More Omaha Home Builders Should Use Permission Marketing

May 22, 2008 · Filed Under Omaha Housing Market · Comment 

I’d like to challenge more Omaha home builders to use permission marketing.

Permission marketing means that the marketer delivers anticipated, personal and relevant messages to the people who want to get those messages.

The key word here is want.

Your potential customers should want to get your updates. Your customers want to know all sorts of things. Things like:

  • New floor plans
  • New homes for sale
  • New lots for sale
  • Price drops on existing homes for sale
  • New options
  • New contractors that you’re trying out
  • New vendors whose products are going into your homes
  • What you think about the latest home trends

Yes, Omaha home builders, your customers (and potential customers) are interested in hearing what you have to say. You’re the expert home builder, after all.
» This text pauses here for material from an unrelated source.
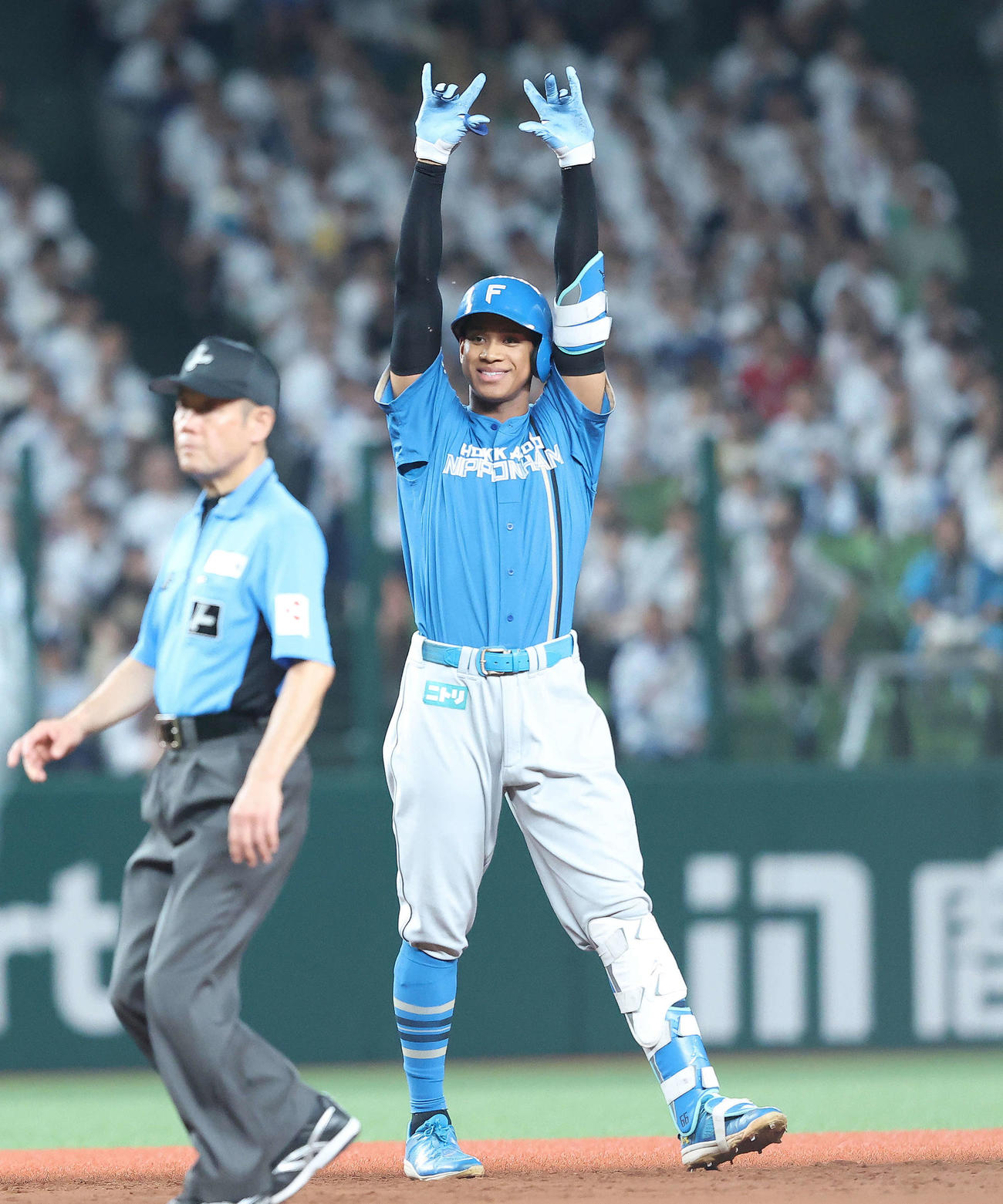 西武対日本ハム　8回表日本ハム1死満塁、右翼線に2点適時二塁打を放ち出塁する万波（撮影・河田真司）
What you have to say on the subject has to be worth something, especially to people who are considering plunking down $200,000 to $1,000,000 on what you sell.

How does permission marketing benefit your home building business?

Well, permission marketing, done right, can help Omaha home builders avoid that whole request for proposal/price shopping stage of the game.

Selling anything, including homes, on the basis of price alone is a losing proposition for the seller. When you and the other folks in your field fail to differentiate yourselves from one another, you’re not selling a home, you’re just selling a commodity. When a bunch of people are just selling commodities, cheap guy wins.

If you can skip over the RFP stage, you’re already ahead of other Omaha home builders. While they’re fielding calls and talking to people who want to dicker over $500 here and $2000 there, you have customers who are waiting to see what you’re thinking, doing and selling. They’re interested enough in your product to permit you to market to them.

And please, make it easy for your customers to sign up for your updates. RSS feeds are an excellent way to do this, especially if you implement a blog into your website. Jeff Davis, an affordable search engine optimization consultant, can do this for you for a good price.

Regency Homes Owner Talks About Omaha Housing Market

May 6, 2008 · Filed Under Omaha Housing Market, Regency Homes · Comment 

As many of you watching the housing market in Omaha and the rest of the United States know, the last few years in the homebuilding market have been hard ones. Times are a bit lean for the crowded Omaha home building market and Omaha home builders who, in the past, didn’t look ahead and prepare for today’s downturn were courting disaster.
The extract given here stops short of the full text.